Es ist ein grundsätzlicher Gedankenwandel von "Hilfe für Menschen in Not" zu "Versorgung aller Menschen ungeachtet ob diese sich selbst helfen können oder nicht".
Ein Sozialsystem basiert dabei auf Akzeptanz. So versteht gewiss jeder, dass man Menschen in Not helfen sollte, aber die Akzeptanz jemanden außerhalb einer Notlage zu helfen ist in der Gesellschaft nicht unbedingt vorhanden.
Auch für den Hilfe erhaltenden Menschen ist dies nicht unbedingt von Vorteil. Wir sehen ja bereits heute, dass die Wahrscheinlichkeit in der Arbeitslosigkeit stecken zu bleiben mit jedem Tag der Arbeitslosigkeit ansteigt. Es ist also wichtig, Menschen schnell wieder in Arbeit zu kriegen anstatt sie "in Ruhe zu lassen".
Es geht aber um noch mehr:
Eine vorrangige Sozialhilfe sagt, dass Arbeit optional ist. Arbeit ist aber weit mehr als Geldbeschaffung. Arbeit bedeutet auch soziale und gesellschaftliche Teilhabe. Man wird zu einem wichtigen Mitglied der Gesellschaft und kann sich mit dieser besser identifizieren. Und jeder kennt es: Was man selber erarbeitet hat, schätzt man mehr als etwas was man geschenkt bekommen hat.

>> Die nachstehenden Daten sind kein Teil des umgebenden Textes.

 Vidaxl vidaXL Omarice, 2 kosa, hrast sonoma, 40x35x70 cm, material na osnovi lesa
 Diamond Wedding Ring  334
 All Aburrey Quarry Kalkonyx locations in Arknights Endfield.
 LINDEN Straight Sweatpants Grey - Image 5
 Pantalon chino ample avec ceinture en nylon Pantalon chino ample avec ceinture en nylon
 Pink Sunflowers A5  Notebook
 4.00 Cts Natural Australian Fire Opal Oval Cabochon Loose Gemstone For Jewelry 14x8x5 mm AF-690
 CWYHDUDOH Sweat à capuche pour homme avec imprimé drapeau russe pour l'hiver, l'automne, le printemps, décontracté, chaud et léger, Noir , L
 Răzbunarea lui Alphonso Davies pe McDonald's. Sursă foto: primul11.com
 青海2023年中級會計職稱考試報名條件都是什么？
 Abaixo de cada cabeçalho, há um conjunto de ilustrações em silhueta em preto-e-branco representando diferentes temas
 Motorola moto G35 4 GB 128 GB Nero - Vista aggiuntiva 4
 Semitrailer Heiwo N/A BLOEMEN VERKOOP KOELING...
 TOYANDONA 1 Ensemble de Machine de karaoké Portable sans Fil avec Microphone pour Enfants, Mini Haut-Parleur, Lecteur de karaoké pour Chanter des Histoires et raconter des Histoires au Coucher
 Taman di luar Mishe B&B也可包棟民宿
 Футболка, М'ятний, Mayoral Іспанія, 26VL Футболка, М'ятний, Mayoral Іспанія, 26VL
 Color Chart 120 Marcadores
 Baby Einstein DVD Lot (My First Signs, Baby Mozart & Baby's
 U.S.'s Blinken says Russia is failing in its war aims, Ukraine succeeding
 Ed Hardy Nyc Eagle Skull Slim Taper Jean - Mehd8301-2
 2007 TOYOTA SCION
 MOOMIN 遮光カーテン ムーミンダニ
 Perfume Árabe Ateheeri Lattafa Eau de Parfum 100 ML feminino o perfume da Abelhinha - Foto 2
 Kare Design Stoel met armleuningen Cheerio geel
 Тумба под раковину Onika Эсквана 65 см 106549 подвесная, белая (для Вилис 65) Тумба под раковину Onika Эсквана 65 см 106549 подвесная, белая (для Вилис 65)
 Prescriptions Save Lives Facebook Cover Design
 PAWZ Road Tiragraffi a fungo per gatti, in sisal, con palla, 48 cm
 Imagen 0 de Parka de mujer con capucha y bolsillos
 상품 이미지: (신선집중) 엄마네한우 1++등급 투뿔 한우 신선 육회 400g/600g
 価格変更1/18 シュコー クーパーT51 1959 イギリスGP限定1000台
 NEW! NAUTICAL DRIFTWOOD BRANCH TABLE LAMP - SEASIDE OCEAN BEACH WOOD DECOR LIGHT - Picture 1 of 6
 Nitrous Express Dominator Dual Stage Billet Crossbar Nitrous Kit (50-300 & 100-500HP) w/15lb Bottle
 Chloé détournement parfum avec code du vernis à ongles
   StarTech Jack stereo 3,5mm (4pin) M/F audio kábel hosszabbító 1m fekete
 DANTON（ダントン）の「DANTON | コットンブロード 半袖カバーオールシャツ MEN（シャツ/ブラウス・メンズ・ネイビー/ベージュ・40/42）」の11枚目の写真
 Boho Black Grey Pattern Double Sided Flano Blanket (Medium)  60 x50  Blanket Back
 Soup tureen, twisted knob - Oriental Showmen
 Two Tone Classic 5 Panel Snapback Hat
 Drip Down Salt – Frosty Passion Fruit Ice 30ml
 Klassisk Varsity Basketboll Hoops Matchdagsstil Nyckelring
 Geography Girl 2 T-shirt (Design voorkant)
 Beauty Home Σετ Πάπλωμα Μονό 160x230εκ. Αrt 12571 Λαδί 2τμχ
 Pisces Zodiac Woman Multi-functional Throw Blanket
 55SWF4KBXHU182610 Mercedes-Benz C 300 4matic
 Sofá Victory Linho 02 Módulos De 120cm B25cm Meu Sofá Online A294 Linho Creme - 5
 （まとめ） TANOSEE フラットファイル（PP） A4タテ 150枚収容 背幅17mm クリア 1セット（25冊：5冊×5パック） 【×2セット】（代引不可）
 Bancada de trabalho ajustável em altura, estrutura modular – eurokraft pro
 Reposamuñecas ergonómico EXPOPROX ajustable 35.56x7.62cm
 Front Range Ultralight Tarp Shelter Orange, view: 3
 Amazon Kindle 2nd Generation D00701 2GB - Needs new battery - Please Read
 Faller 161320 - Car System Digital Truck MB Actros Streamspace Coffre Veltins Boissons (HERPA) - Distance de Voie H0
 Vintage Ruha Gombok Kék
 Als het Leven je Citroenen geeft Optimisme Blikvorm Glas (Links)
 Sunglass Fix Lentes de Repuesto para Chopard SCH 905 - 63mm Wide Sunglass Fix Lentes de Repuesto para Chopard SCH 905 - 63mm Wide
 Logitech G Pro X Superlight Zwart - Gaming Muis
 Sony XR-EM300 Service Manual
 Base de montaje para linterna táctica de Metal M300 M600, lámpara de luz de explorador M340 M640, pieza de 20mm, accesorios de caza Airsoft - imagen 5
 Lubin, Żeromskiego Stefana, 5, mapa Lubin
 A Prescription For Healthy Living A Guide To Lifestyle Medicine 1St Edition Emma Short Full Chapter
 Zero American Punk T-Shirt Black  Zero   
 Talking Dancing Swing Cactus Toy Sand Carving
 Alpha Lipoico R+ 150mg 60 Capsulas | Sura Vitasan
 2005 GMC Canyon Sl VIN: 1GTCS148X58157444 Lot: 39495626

Zumal diese "Geschenke" die eigentlichen Probleme nur überdecken. Man kann hohe soziale Hilfen auszahlen, Preise decken und Löhne vorschreiben, aber die Probleme dahinter bleiben bestehen und brodeln vor sich hin bis sie sich in einer Krise entladen. Jedes bisherige Problem hat die aktuelle Regierung vor allem mit Geld zugeschüttet, so wie jetzt Hartz 4 einfach erhöht wird und einen neuen Namen erhält.
Wir streiten uns darüber, wer welche Hilfen bekommt. Die Autofahrer wollen eine Benzinpreisbremse, die Bahnfahrer ein 9 € Ticket, die Gaskunden eine Gaspreisbremse und die Hartz 4 Empfänger höhere Leistungen und und und....
So verständlich das auch ist, so gefährlich ist dieser Weg. Wir machen immer mehr Menschen abhängig von staatlichen Leistungen und züchten uns eine Anspruchsmentalität.
Eine Pflanze, die man regelmäßig gießt, bildet weniger Wurzelwerk als eine Pflanze, die nicht gegossen wird. Hört man dann plötzlich auf zu gießen, stirbt die Pflanze mit weniger Wurzeln schnell ab. Das gut gemeinte Gießen einer Pflanze kann also für die Pflanze ein böses Ende haben.
Die grundsätzliche Idee eines Sozialsystemes sollte die gezielte Hilfe von Menschen in Not sein, nicht als Alternative zur eigenen Existenzsicherung, sondern als Überbrückung bis die Existenz wieder selber gesichert werden kann.